Descartes afirma que foi persuadido pela Razão
a rejeitar todas as coisas em que se lhe depare qualquer razão de dúvida, tanto
“às abertamente falsas” como àquelas “que não são completamente certas e
indubitáveis”. Mostra-nos que não tem que analisar ou percorrer cada “uma em
particular”, já que seria uma tarefa ou trabalho sem fim. De facto, quando os “fundamentos”

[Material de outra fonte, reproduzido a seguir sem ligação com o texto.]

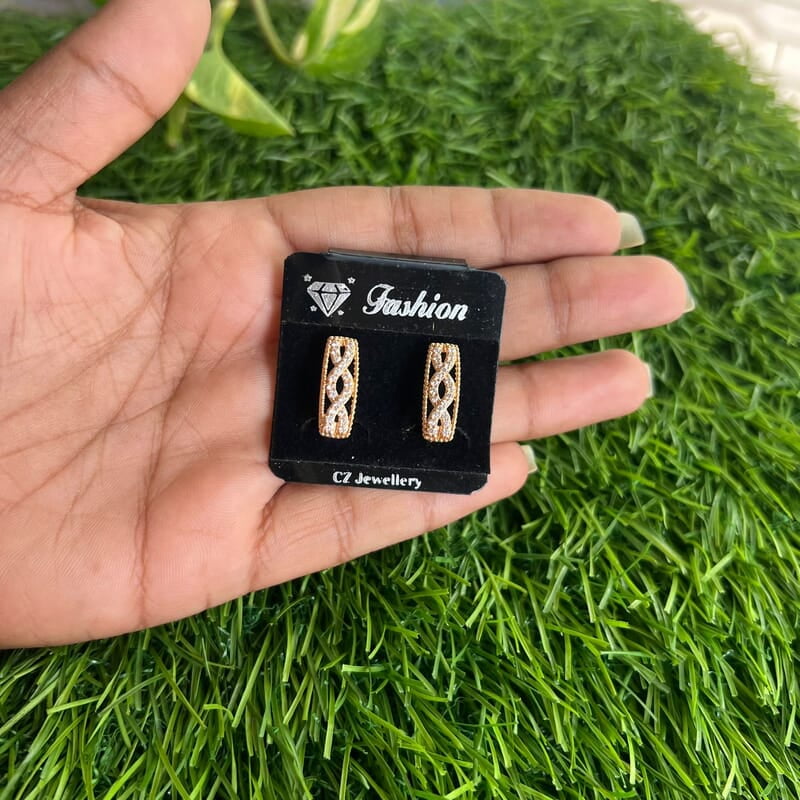 RoseGold lock type Stud RoseGold lock type Stud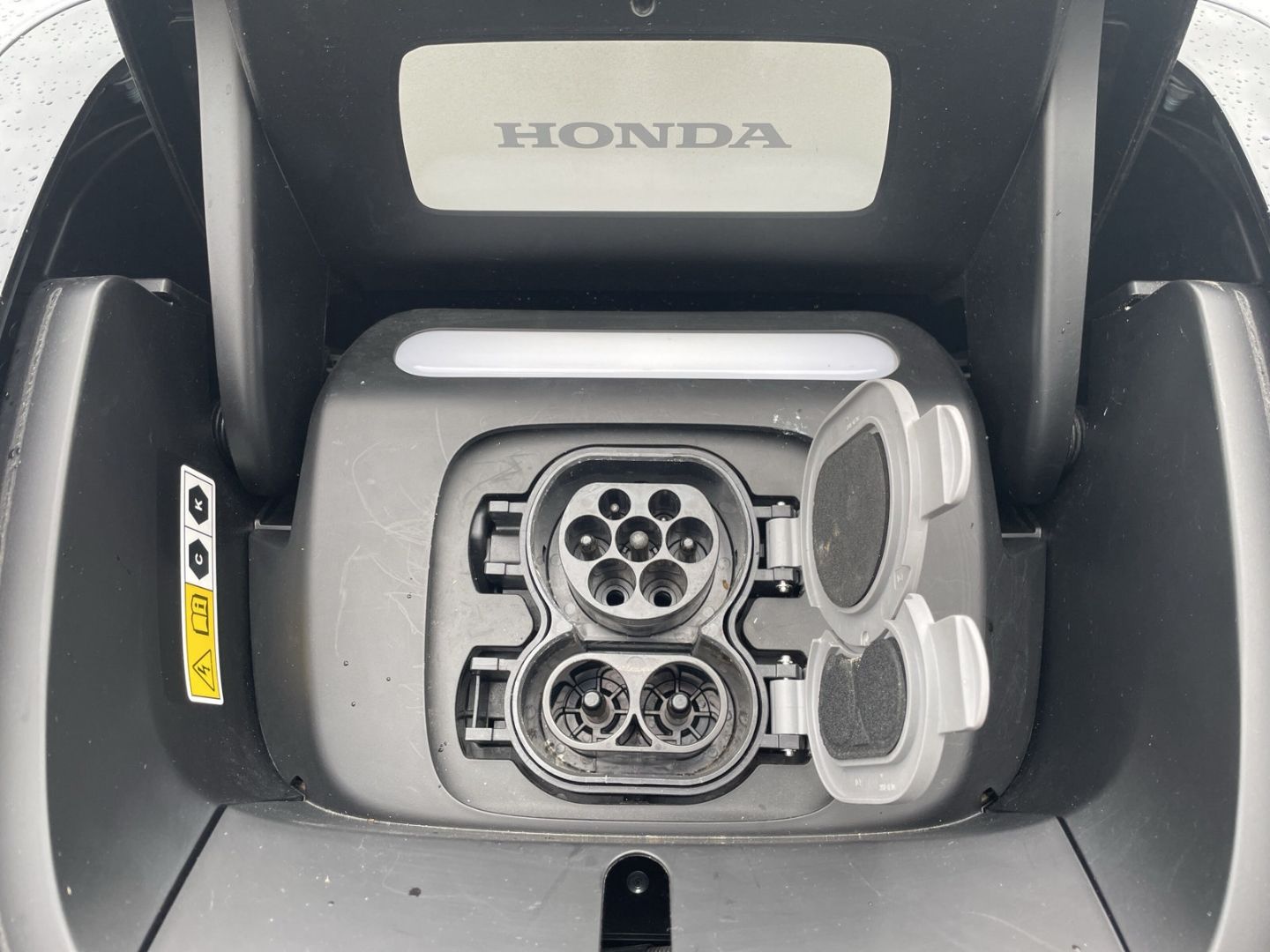 Honda e *MIT AMBIENTELICHT & MEHR!*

de um edifício estiverem minados, todo o edifício ficará em risco de ruir. Por
isso Descartes afirma que atacará imediatamente todos os princípios em que se apoiava
tudo aquilo em que acreditava. É esse o início do processo da dúvida cuja
natureza é metódica, provisória, radical e hiperbólica. O alcance da dúvida
atinge todas as crenças e fundamentos. Descartes coloca tudo em dúvida,
inclusivamente a sua própria existência enquanto corpo e alma. Mas de que serve
duvidar assim, de uma forma tão radical? Qual a utilidade da dúvida? A dúvida é
necessária porque é uma tomada de consciência dos erros e ilusões que tolhem o
acesso à verdade e impedem o sujeito de atingir o conhecimento verdadeiro. É
radical porque não pode deixar nada de fora, nem mesmo as ideias de natureza
metafísica, que se encontram na base da “árvore da sabedoria”. Por conseguinte,
a utilidade da dúvida manifesta-se na medida em que ela permite encontrar
aquilo que resiste a toda a prova de desconfiança: o cogito, fundamento primeiro,
crença fundacional sobre a qual se pode erigir todo o edifício do conhecimento.
Pela dúvida Descartes encontra uma certeza inabalável pela qual vem a saber que
as ciências podem, guiadas pela Razão, conhecer verdadeiramente o mundo, criado
e mantido por Deus que garante a verdade.